Like it or not, modern American culture is permeated with sex: from the steamy billboards foresting Times Square to the proliferation of "porn studies" on college campuses; from pop song lyrics to R-rated movies to the wild popularity of Internet porn sites.
That sex sells is nothing new. What is new, claim some academics and family advocacy groups, is the sexual targeting of an ever-younger audience by corporate America.
Teens and, increasingly, pre-teens are bombarded not just with sexualized marketing, but with what many experts construe to be sexualized products — items that just a decade ago would have been considered "for adults only."
Eye Candy or Pornography?
A case in point is the recent brouhaha over Abercrombie & Fitch's peddling of sexually suggestive thong underwear to young girls.
The rear-less underwear, decorated with pictures of cherries and catchphrases like "kiss me," "wink wink" and "eye candy," sparked an outcry from conservative groups when it hit store shelves earlier this year.
Bill Johnson, president of the Michigan-based, family advocacy group American Decency Association, which is boycotting the retailer, calls the underwear "pornographic" and says they would fit a child as young as seven.
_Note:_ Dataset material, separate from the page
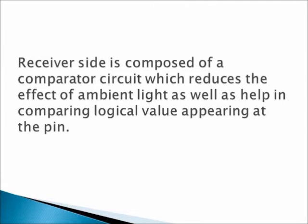Receiver's side is composed of a comparator circuit which reduces the effect of ambient light as well as helps in comparing logic values appearing at the pin.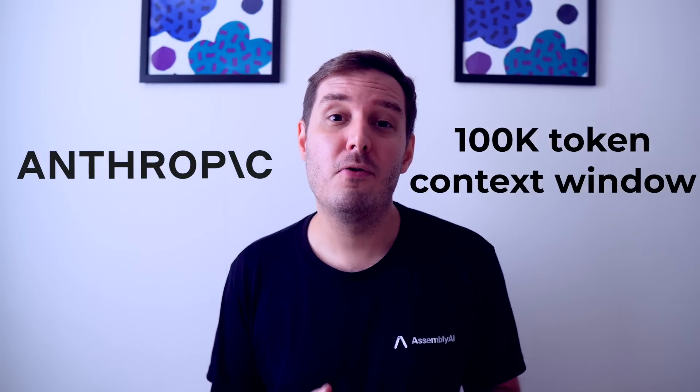Oh, it worked. Anthropic just launched a model with a 100,000 token context window.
He adds: "There is an ongoing trend to sexualize youth. … There are clearly a core of marketers who will go as low as they are permitted to go."
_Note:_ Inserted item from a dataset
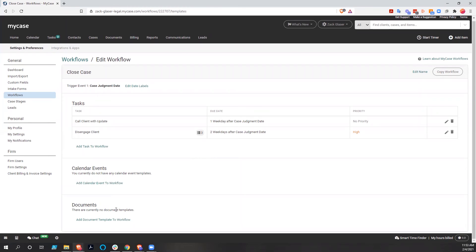So that's a quick, simple look at workflows in MyCase. Another aspect of MyCase that they have, which some of the other law practice management systems may not have, is multiple statuses for your cases — and they call these case stages.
Abercrombie disagrees, saying in a written statement that the underwear was meant to be "lighthearted and cute." The firm maintains the product is aimed at girls aged 10 or over, even though the Abercrombie Kids line, under which the thongs are marketed, is aimed at girls aged 7-14.
Me and My Calvins
To be sure, sex in teen-targeted marketing has sparked controversy for years.
Remember the outcry in the 1980s over then-15-year-old Brooke Shield's saucy claim that "Nothing comes between me and my Calvins?" Or the uproar triggered by Calvin Klein's 1995 so-called "teen porn" ad campaign, which elicited a Justice Department investigation into whether or not Klein had violated child pornography laws?
Yet a number of experts on both sides of the cultural wars feel that something new is afoot.
However sexualized Calvin Klein's marketing campaigns have been in the past, the products touted were age neutral. But now thongs or racy bras that were once unequivocally for adults only are being peddled to pre-teenage girls.
"The phenomenon is real," remarks Stephen Greyser, professor at the Harvard Business School in Cambridge, Mass., who specializes in consumer marketing and advertising. "There is a broader acceptance today of a looser standard than what was acceptable 10 or 15 years ago."
The broadening of what is acceptable in terms of sexual marketing, described by Columbia Business School Professor Michelle Greenwald as "gradual creep," can be discerned in the traditionally "mature" products that are today peddled to an immature audience.